_Problem_.
Isolate every line in the records below with "Cartoon" in it.

[Web page caption snippets]
^^^^^^^^^^^^^^^^

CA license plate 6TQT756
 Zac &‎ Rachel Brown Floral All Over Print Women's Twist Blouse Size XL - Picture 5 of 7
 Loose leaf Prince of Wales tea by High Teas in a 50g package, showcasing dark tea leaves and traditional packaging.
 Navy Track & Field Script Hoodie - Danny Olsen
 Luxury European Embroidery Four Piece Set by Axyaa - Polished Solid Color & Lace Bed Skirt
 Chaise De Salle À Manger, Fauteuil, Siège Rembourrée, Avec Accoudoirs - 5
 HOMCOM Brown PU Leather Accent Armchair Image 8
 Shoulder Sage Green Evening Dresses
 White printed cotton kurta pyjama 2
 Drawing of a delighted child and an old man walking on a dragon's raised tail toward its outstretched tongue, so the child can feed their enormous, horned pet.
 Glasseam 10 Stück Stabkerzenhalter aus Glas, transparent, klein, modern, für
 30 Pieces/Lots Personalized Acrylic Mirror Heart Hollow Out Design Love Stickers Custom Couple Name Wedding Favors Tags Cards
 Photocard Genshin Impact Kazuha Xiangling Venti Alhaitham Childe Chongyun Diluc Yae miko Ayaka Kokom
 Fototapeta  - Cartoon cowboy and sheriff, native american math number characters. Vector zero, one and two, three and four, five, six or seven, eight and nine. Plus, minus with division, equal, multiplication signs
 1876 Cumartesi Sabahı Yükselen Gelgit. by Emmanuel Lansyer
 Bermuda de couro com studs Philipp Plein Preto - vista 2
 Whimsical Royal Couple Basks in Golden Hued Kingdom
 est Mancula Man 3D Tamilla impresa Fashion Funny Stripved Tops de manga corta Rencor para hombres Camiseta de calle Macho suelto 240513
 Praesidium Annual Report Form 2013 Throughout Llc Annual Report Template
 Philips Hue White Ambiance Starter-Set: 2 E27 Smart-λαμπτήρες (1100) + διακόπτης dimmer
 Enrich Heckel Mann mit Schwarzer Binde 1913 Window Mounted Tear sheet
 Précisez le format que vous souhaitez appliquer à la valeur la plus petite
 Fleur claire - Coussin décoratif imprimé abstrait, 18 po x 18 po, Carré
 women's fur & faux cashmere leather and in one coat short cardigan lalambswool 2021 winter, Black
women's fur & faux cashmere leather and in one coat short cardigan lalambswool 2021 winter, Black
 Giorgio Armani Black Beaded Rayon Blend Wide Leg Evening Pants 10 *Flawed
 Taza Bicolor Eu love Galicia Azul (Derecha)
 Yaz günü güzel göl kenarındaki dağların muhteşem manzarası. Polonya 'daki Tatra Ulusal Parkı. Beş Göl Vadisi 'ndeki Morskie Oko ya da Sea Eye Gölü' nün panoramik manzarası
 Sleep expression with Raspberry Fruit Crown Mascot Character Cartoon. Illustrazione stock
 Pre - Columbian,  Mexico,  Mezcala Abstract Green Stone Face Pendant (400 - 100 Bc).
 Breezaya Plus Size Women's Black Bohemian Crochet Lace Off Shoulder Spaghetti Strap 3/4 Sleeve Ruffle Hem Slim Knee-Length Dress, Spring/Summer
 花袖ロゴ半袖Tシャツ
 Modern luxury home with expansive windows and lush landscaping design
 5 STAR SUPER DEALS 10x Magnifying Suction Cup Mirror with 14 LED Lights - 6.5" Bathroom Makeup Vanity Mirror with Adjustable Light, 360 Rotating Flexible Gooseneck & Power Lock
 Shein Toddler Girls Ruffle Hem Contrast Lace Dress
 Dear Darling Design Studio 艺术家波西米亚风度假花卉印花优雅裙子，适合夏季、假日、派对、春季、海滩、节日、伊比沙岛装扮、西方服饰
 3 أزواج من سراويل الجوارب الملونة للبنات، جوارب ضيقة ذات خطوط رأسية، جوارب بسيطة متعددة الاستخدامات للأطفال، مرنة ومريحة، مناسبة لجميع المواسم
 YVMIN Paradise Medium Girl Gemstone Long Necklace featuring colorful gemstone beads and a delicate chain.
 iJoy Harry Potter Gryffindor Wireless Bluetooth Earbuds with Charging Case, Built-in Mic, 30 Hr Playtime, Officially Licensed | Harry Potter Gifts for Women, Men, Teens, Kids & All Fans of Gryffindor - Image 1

^^^^^^^^^^^^^^^^

_Response box_.
 Fototapeta  - Cartoon cowboy and sheriff, native american math number characters. Vector zero, one and two, three and four, five, six or seven, eight and nine. Plus, minus with division, equal, multiplication signs
 Sleep expression with Raspberry Fruit Crown Mascot Character Cartoon. Illustrazione stock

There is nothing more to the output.